• _TASK TO CARRY OUT_:
Below, find the line containing "Bone Marrow Aspiration" and the line containing "The old queen"; reproduce exactly those two and every line between them, omitting pictures.

• _DATA UNDER STUDY_:
__________
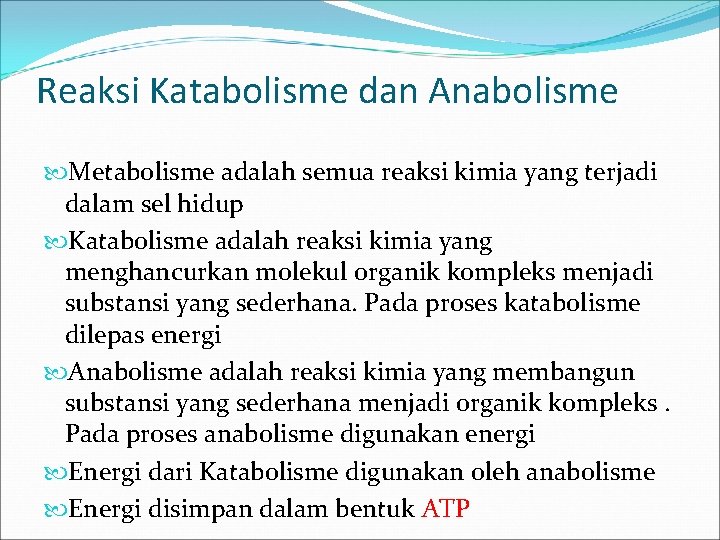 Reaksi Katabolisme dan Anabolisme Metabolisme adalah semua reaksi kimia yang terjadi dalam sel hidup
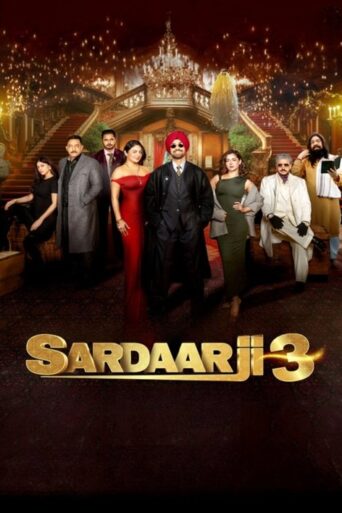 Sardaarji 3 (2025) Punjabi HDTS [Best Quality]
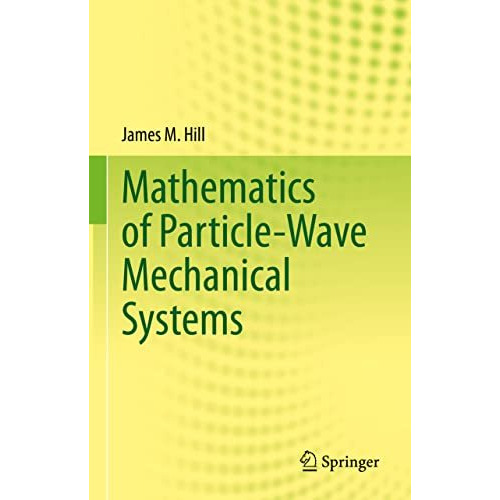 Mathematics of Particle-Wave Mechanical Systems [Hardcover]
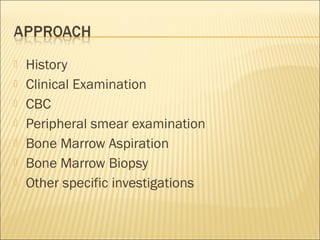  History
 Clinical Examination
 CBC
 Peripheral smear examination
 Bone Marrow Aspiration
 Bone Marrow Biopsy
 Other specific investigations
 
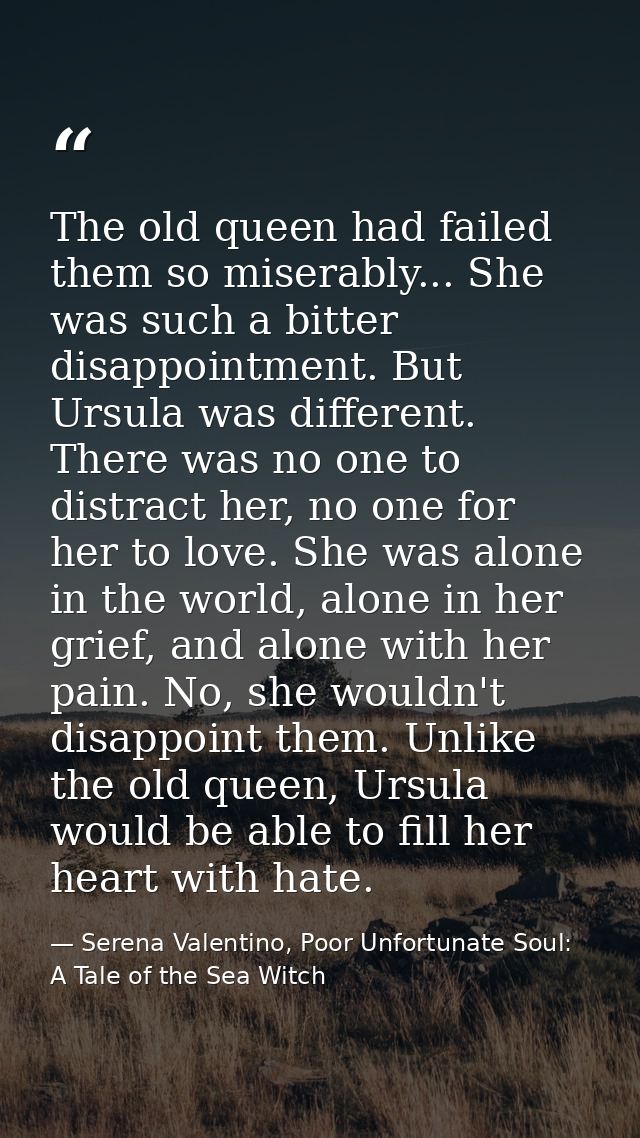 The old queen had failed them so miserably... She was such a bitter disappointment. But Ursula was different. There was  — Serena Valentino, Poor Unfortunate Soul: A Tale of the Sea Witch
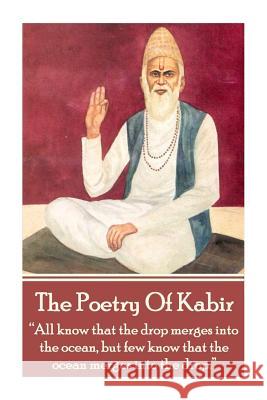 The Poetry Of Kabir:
__________
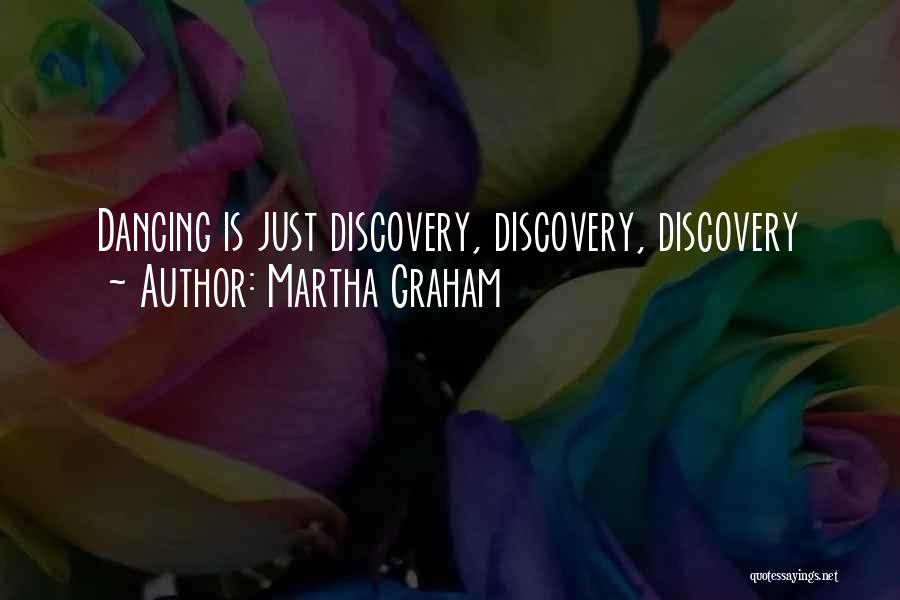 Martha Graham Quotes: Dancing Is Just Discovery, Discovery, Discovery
__________
• _ANSWER TO THIS TASK_:
 Bone Marrow Aspiration
 Bone Marrow Biopsy
 Other specific investigations
 
 The old queen had failed them so miserably... She was such a bitter disappointment. But Ursula was different. There was  — Serena Valentino, Poor Unfortunate Soul: A Tale of the Sea Witch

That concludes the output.